In any case, it was all for naught. Non-severability failed to pass by a vote of 57-43. At around 4 p.m. EST, the amendment was tabled, with most Republicans voting against McCain-Feingold's position, with the exception of the eight McCain-Feingold Republicans, plus five others: Sens. Peter Fitzgerald of Illinois, Tim Hutchinson of Arkansas, Richard Lugar of Indiana, Mike DeWine of Ohio and Sam Brownback of Kansas.

And in the end, though McCain-Feingold supporters thought they might lose up to 15 Democrats on the vote, they lost only six (Breaux, Torricelli and Sens. Ben Nelson of Nebraska, Blanche Lincoln of Arkansas, Max Baucus of Montana and Ernest "Fritz" Hollings of South Carolina).

Daschle was "the reason there was such a strong vote on non-severability," Schmelzer said. Schumer told reporters that had it not been for Daschle's efforts Thursday, three or four Democrats might have voted the other way. (Of course, an e-mail sent out from McCain's PAC, Straight Talk America, to a list of 200,000 supporters, urging them to call some of the wobblies, may have helped, too.)

In any case, with that victory, McCain, Feingold, Cochran, Levin and Schumer took to the press gallery to proclaim victory. "This was the Senate at its best," Schumer said.

For McCain, the fight began in 1987, when an Oklahoma Democratic senator named David Boren -- now president of the University of Oklahoma -- asked the then freshman senator to work with him on the issue, taking up where his predecessor, Sen. Barry Goldwater, had left off. But McCain and Boren could never agree on the issue of public financing, which McCain opposed.

Eight years later, however, McCain had been through a public financing scandal of his own -- he was one of the tarnished "Keating Five," a group of senators who were rebuked by the Senate for an "appearance of impropriety" involving savings and loan charlatan Charles Keating -- and the issue became his signature cause. Since then, McCain had seen his and Feingold's bill die or be killed once in the 104th Congress, three times in the 105th and twice in the 106th. Thursday, only a few months into the 107th session, it certainly looks as if the bill will pass the Senate. McCain, however, acknowledged that another battle looms in the House. "It's not going to be easy," McCain said.

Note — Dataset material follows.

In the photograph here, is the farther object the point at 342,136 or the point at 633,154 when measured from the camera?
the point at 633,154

Near the end of the day, McConnell came out to speak to reporters ("Darth Vader has arrived," he said) to admit defeat -- for now. He said that he hoped the "awful bill" would be improved in the House or the House-Senate conference committee.

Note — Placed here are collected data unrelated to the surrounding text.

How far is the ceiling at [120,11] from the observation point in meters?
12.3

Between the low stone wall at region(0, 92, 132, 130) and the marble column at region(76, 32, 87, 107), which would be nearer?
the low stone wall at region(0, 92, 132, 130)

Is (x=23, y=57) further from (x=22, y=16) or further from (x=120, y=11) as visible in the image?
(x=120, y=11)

And if not, he said, he was prepared to sue. "I'll be meeting with the other co-plaintiffs" next week, he said. "I gotta operate under the assumption that I'll be the Jim Buckley of 2001," he said, referring to the U.S. Supreme Court case Buckley vs. Valleo, in which the court decided that it was unconstitutional to limit a candidate's spending.

For now, however -- even though he seemed to greet the day's momentous victory with a combination of exhaustion and wariness; even though, as we know, almost anything could happen between now and the vote on final passage -- the moment is McCain's.

By Jake Tapper

Jake Tapper is the senior White House correspondent for ABC News.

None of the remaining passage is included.